Sofía Casanova was born in 1861 in La Coruña. Her father, Vicente Pérez Eguía, died in a shipwreck in 1865, and in 1876 her widowed mother, Rosa Casanova, moved to Madrid with her parents and their three children.
In the capital, Sofia attended the conservatory, learned languages, read widely and began to write poetry and short stories. In 1886, she met Wicenty Lutoslawsky. They married in 1887 and settled on the family estate in Russian Poland.
Her relationship with her husband was bad, though not with his family. Sophia had four daughters (one of whom died young) and performed the feat of learning Polish. Her first novel, Doctor Wolski, was published in Spain in 1894. In 1899 they moved to Krakow, because Wicenty was hired as a university professor.
In 1905, she returned to Spain alone and began publishing in the Madrid and Galician press. In 1908, was published a translation by her of Quo vadis?. She used to travel once a year to Poland to join her three daughters. There he was surprised by the outbreak of the Great War.
In December 1914 he published a long letter about the war in Poland addressed to the Spaniards. Then, Torcuato Luca de Tena proposed him to be a correspondent for ABC. His collaboration with this newspaper lasted until June 1944, when his last article was published.
In August 1915, she was evacuated. First to Moscow and then to Petrograd, Casanova wrote articles in which she recounted the decadence of the tsarist regime and the popular unrest; she even tried to interview the monk Rasputin.

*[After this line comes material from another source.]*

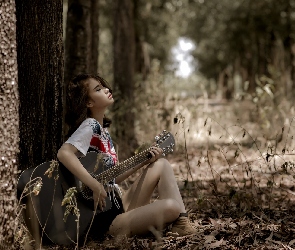 Dziewczyna, Drzewa, Gitara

In her chronicles she recounts his walks through revolutionary Petrograd: the shootings, the lynchings, the breakdown of public order, the hunger and the cold… She expected the triumph of the Reds because of their willpower: “The bolsewiks have taken to the streets confident of their strength and determined to win or die”. He interviewed Leon Trotsky, Commissar for Foreign Affairs. Finally, he was able to return to Warsaw and from there to Spain.
She found a positive point in the war: the irruption of women in society. Sofía called those opposed to the rise of women “staunch masculinists” and “devotees of Mohammed”.

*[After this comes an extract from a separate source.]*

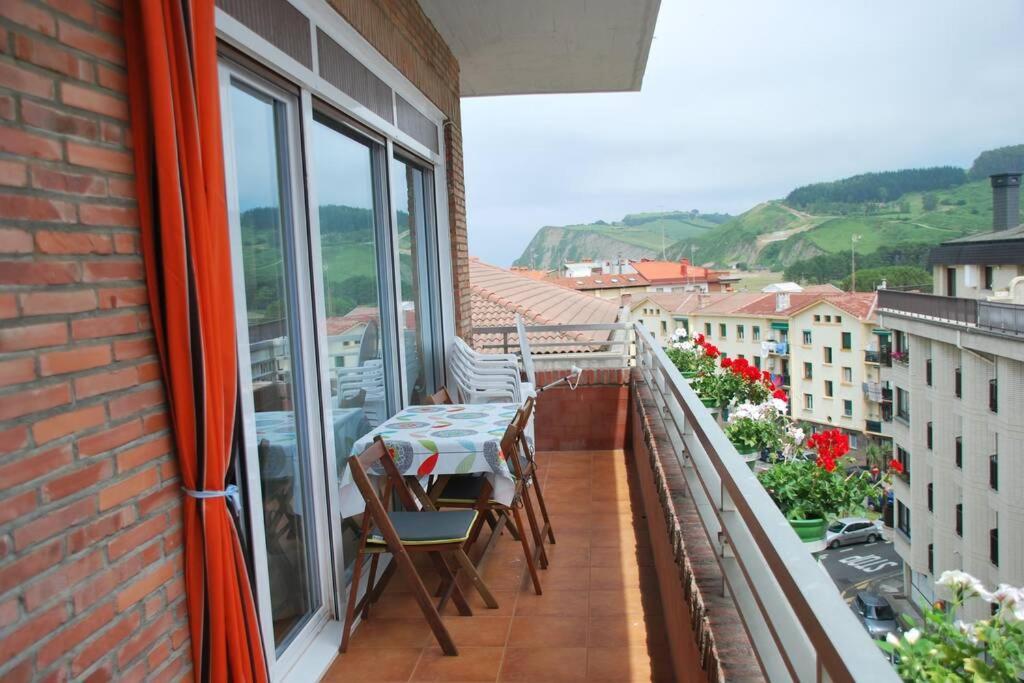 Itzurun, Zumaia, Te Encantara! Apartment *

In 1920, she returned to Poland, where the Poles were fighting for their independence against the Bolsheviks. Until 1930, she lived his most glorious years: she traveled six times to Spain, published hundreds of articles in Spanish, Argentine and Cuban newspapers, wrote more books, etc.
Casanova’s books, such as The Bolshevist Revolution. Diary of an eyewitness (1920) and At the Court of the Czars: the beginning and the end of an empire (1924) refute the excuse of the progressives that the Western intellectuals who supported the communists were unaware of the atrocities they were committing in Russia.

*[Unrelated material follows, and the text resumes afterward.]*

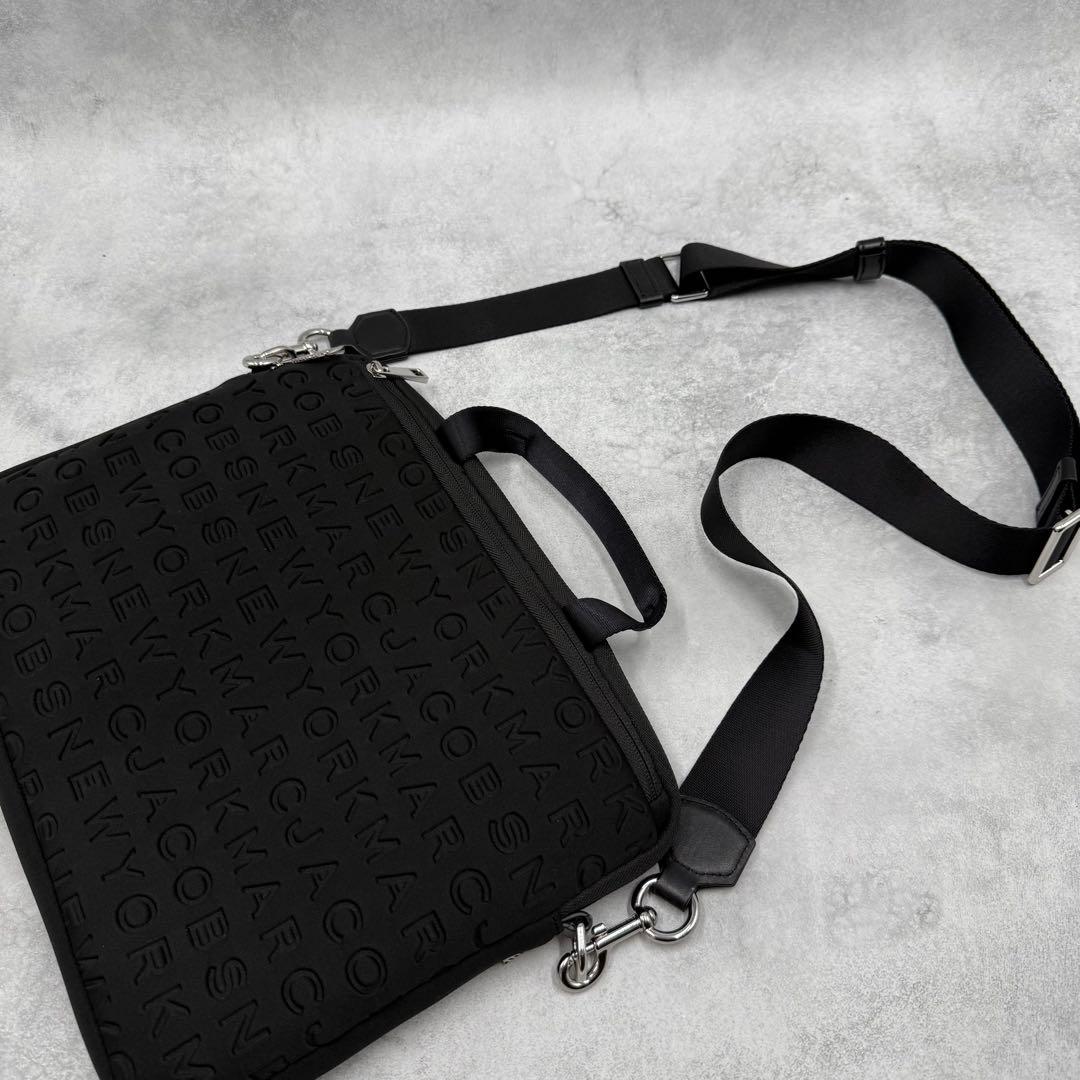 美品✨MARC JACOBS PCケース 2way 総柄 ブラック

In 1938, during the civil war, Sofía made her last visit to Spain. She went to La Coruña, where her brother lived, and on her return trip General Franco received her in Burgos.
The following year, the fourth war of her life broke out: the Great War, the Polish War of Independence, the Spanish War and the Second World War. With part of her family, she took refuge in the countryside. Casanova had no access to the Spanish press, but he wrote letters that were published in 1945 in a book entitled El martirio de Polonia (The Martyrdom of Poland).
Casanova told the soldiers of the Blue Division who visited her about the persecution of Poles and Jews by the Germans. She was offered a transfer to Spain, but refused to leave her family. Her last years, under the communist regime, were spent at her daughter Halita’s home in Poznan. She died in January 1958 and her remains are still in Poland.
Her greatest merit: to have warned the Spaniards of the danger that the Bolsheviks constituted for civilization.